El cuarto capítulo, “Dos exilios” (representado por Octavio Bustos y Daniel Bazán Lazarte,
dirigido por Claudia Quiroga), presenta, atinadamente, escenas en paralelo de los exilios de
dos hermanos. Uno, el exilio exterior, en México, donde, vale aclarar, fueron acogidos
muchos refugiados españoles, entre ellos el escritor Max Aub, uno de los que mejor ha dado
cuenta de la diáspora española en sus cuentos y novelas; el otro, el exilio interior, en su propio
país, en su propio pueblo, en su propia alma. Mientras uno de los hermanos intenta
“aclimatarse” sin lograrlo, el otro se ve perseguido por los fantasmas del pasado y también
por los del presente. El momento más emocionante se logra cuando ambos “se encuentran” y
tratan de decirse todo aquello que han querido decirse en tantos años de separación y de no
saber nada uno del otro.
El quinto, titulado “El topo” (representado por Sebastián Villa y Claudia Quiroga, dirigido
por Carlos Ianni), es quizás el menos eficaz de los seis, al menos en lo que a contundencia
dramática se refiere, ya que las actuaciones son excelentes. Sin embargo, se tiene la sensación
de que algo está faltando allí o quizás esta sensación pueda deberse a los altos e impactantes
niveles alcanzados por los dos capítulos precedentes. En este caso, se presenta la historia de
un joven que ha permanecido escondido, como un topo, por miedo a ser llevado, sin ser
culpable de nada.
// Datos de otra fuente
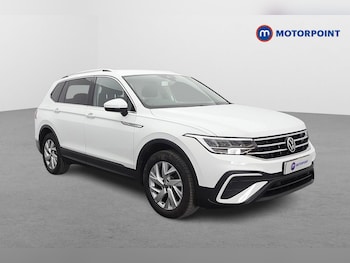 Used Volkswagen Tiguan Allspace 2022 for sale - 78624968: Photo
Aunque la casa donde se esconde es periódicamente revisada (y dada vuelta
cada vez que esto sucede), la astucia femenina de su novia hace que él nunca pueda ser
encontrado. El drama se desata cuando Miguel proclama no aguantar más y estar dispuesto a
entregarse antes que seguir viviendo así.
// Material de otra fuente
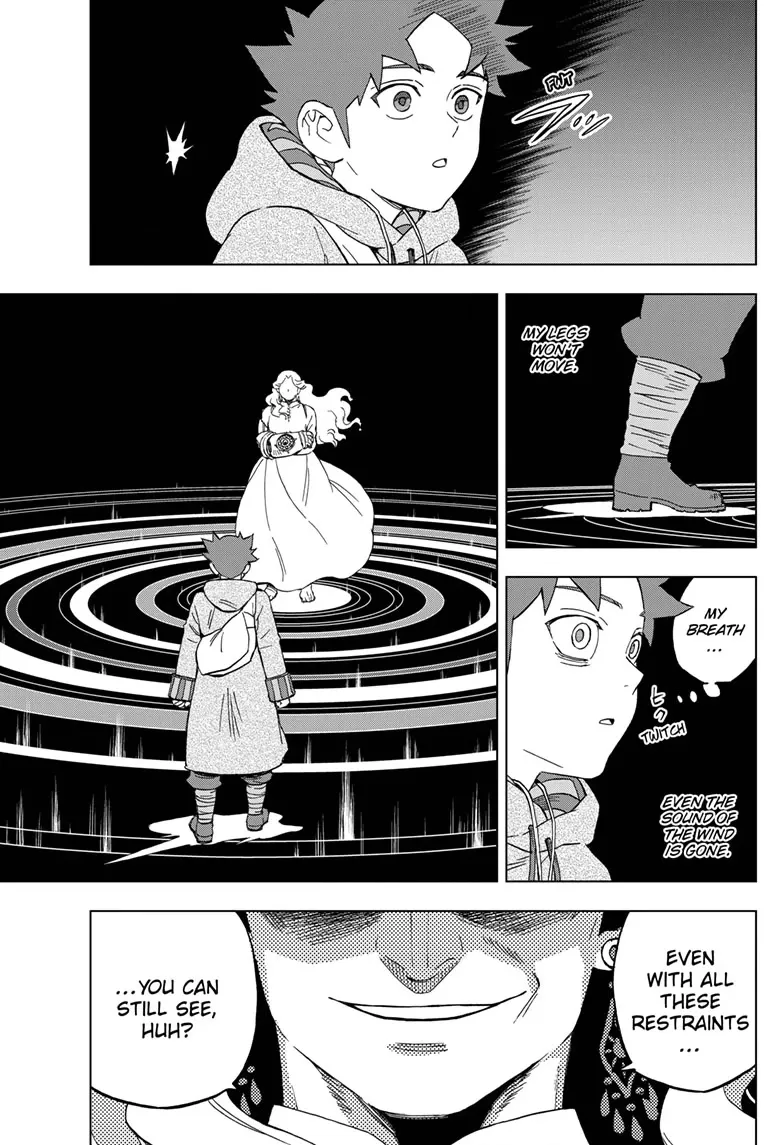 Kai-hen Wizards β Chapter 40 β Page 10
El último capítulo, “Atajo” (representado por Roberto Municoy y Román Lamas, dirigido por
Teresita Galimany), es el punto más alto en cuanto a humor y absurdo se refiere. Dos
personajes escapados de una novela mitad picaresca y mitad galdosiana se encuentran en una
plaza y casi sin quererlo comienzan a espiar lo que sucede en una casa vecina. Pero esto no es
lo importante: lo importante es el despliegue de humor, ironía, acidez y más todavía de vuelo
literario que el autor se ha permitido en este capítulo final, donde abundan los juegos de
palabras, las rimas y aliteraciones increíbles e hilarantes y donde la actuación de Roberto
Municoy como don Abundio se “roba” el capítulo, si bien Román Lamas como don Bolonio
no se queda un centímetro atrás. Ambos personajes exaltan y exacerban hasta el paroxismo
todos los tópicos españoles esperables y los llevan más allá, haciéndolos universales.
Del mismo modo que la obra en su conjunto, con maestría singular, toma una dictadura
particular para denunciar el horror de todas y para hacernos pensar en las dictaduras nuestras
de cada día.

Hasta el 28 de septiembre
Viernes y sábados 20.30 hs. Domingos 20 hs.